Date : 23 décembre 2020

Personnages : Aspros x Sage, Aspros x Deutéros, pour Miss Silver K

Univers : Canon The lost Canvas

Genre : Angst, romance ?, lemon twincest léger, 18+


Péché de solitude

Sept ans avant la guerre sainte

Sage sortit des thermes la boule au ventre. Jamais il ne s'était senti aussi sale après avoir pris un bain. Mais qu'est-ce qu'il venait de se passer ? Qu'avait-il fait ? Lui, le patriarche de ce domaine sacré, le vétéran de la dernière guerre sainte, l'ancien chevalier d'or du Cancer, un homme de plus de deux cents ans. Deux siècles ! Cet homme-là venait de se taper un gamin de vingt ans. Mais comment a-t-il pu laisser une telle chose se produire ?

La chaleur, ça devait être la faute de la chaleur des thermes. Il ne voyait pas d'autre explication à son comportement déplacé. La chaleur et la solitude. Oui, Sage se sentait très souvent seul. Son bien-aimé frère jumeau vivait loin et était très occupé avec la formation de Shion, son disciple prometteur. Son propre élève Manigoldo, âgé de dix-huit ans maintenant, n'était plus sous sa tutelle depuis deux ans puisqu'il avait obtenu l'armure du Cancer. Si seulement Athéna s'était déjà réincarnée. Instruire sa Déesse l'occuperait, égayerait sa vie qu'il trouvait bien longue et vide. Tellement vide qu'il ressentait le besoin de la remplir avec un jeunot de vingt piges, dans tous les sens du terme.

Sage tremblait. Le froid après son bain s'immisçait en lui. Un drap vint se poser sur les épaules du vieil homme encore nu, ainsi que deux lèvres dans sa nuque. Un violent frisson le parcourut. Son corps qu'il croyait frigide depuis des décennies réagissait. Non, ce n'était pas possible, pas encore. C'était une erreur, un grossière erreur de sa part. Ça ne devait pas se reproduire.

– Arrête Aspros.

– Allons, Grand pope, nous n'avons rien fait de mal.

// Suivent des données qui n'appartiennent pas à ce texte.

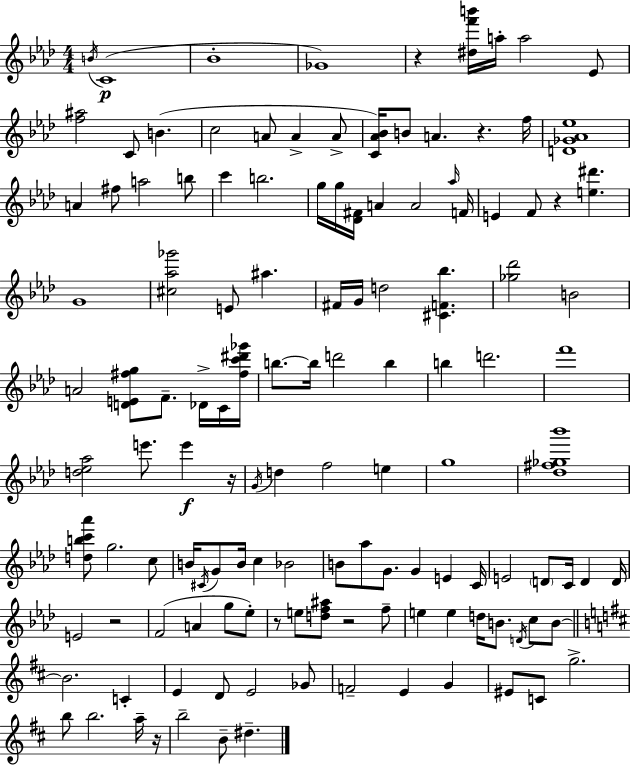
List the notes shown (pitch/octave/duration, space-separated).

B4/s C4/w Bb4/w Gb4/w R/q [D#5,F6,B6]/s A5/s A5/h Eb4/e [F5,A#5]/h C4/e B4/q. C5/h A4/e A4/q A4/e [C4,Ab4,Bb4]/s B4/e A4/q. R/q. F5/s [D4,Gb4,Ab4,Eb5]/w A4/q F#5/e A5/h B5/e C6/q B5/h. G5/s G5/s [Db4,F#4]/s A4/q A4/h Ab5/s F4/s E4/q F4/e R/q [E5,D#6]/q. G4/w [C#5,Ab5,Gb6]/h E4/e A#5/q. F#4/s G4/s D5/h [C#4,F4,Bb5]/q. [Gb5,Db6]/h B4/h A4/h [D4,E4,F#5,G5]/e F4/e. Db4/s C4/s [F#5,C6,D#6,Gb6]/s B5/e. B5/s D6/h B5/q B5/q D6/h. F6/w [D5,Eb5,Ab5]/h E6/e. E6/q R/s G4/s D5/q F5/h E5/q G5/w [Db5,F#5,Gb5,Bb6]/w [D5,B5,C6,Ab6]/e G5/h. C5/e B4/s C#4/s G4/e B4/s C5/q Bb4/h B4/e Ab5/e G4/e. G4/q E4/q C4/s E4/h D4/e C4/s D4/q D4/s E4/h R/h F4/h A4/q G5/e Eb5/e R/e E5/e [D5,F5,A#5]/e R/h F5/e E5/q E5/q D5/s B4/e. D4/s C5/e B4/e B4/h. C4/q E4/q D4/e E4/h Gb4/e F4/h E4/q G4/q EIS4/e C4/e G5/h. B5/e B5/h. A5/s R/s B5/h B4/e D#5/q.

– Ne m'appelle pas par mon titre dans cette situation.

– Alors comment dois-je vous appeler lorsque nous sommes ensemble comme en ce moment ?

– Apelle-moi Sage... Non, attends, ce qui vient de se passer ne se reproduira plus.

– Votre corps ne semble pas de cet avis, dit malicieusement le gémeau en descendant sa main sur le ventre de son supérieur.

– Arrête, stop, le repoussa Sage. Aspros, c'est mal, je ne veux pas abuser de toi.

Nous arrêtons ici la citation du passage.